• **Given data**:
---+---

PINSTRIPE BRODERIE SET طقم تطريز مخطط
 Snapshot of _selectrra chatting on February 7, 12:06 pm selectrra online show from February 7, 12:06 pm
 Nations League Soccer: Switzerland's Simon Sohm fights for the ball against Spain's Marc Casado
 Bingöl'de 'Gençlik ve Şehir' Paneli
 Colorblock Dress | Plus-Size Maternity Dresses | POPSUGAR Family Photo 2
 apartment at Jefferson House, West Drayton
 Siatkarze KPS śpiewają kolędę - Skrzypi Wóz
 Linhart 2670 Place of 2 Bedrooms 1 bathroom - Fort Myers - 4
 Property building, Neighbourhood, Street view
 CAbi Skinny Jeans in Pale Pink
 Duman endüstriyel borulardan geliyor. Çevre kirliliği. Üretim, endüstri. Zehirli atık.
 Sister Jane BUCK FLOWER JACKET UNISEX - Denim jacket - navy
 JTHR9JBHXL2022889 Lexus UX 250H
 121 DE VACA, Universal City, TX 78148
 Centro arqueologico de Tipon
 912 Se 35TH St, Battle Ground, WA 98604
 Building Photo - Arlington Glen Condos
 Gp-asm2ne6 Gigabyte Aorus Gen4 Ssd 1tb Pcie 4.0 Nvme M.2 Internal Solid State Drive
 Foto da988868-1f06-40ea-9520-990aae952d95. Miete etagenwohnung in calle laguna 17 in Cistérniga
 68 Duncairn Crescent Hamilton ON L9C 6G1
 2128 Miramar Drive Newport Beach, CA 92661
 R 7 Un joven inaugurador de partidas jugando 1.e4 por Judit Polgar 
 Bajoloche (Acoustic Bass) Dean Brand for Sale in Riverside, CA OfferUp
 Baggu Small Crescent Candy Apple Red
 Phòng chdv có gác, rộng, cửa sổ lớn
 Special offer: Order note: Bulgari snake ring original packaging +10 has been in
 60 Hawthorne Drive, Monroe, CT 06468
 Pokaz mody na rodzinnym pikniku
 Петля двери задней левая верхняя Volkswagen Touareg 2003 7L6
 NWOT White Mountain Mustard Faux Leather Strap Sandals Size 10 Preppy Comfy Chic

---+---

• **What the task asks**: Copy exactly, and only, the lines from the line that contains "Special offer: Order" through the end of the data above.

• **Solution for this problem**:
 Special offer: Order note: Bulgari snake ring original packaging +10 has been in
 60 Hawthorne Drive, Monroe, CT 06468
 Pokaz mody na rodzinnym pikniku
 Петля двери задней левая верхняя Volkswagen Touareg 2003 7L6
 NWOT White Mountain Mustard Faux Leather Strap Sandals Size 10 Preppy Comfy Chic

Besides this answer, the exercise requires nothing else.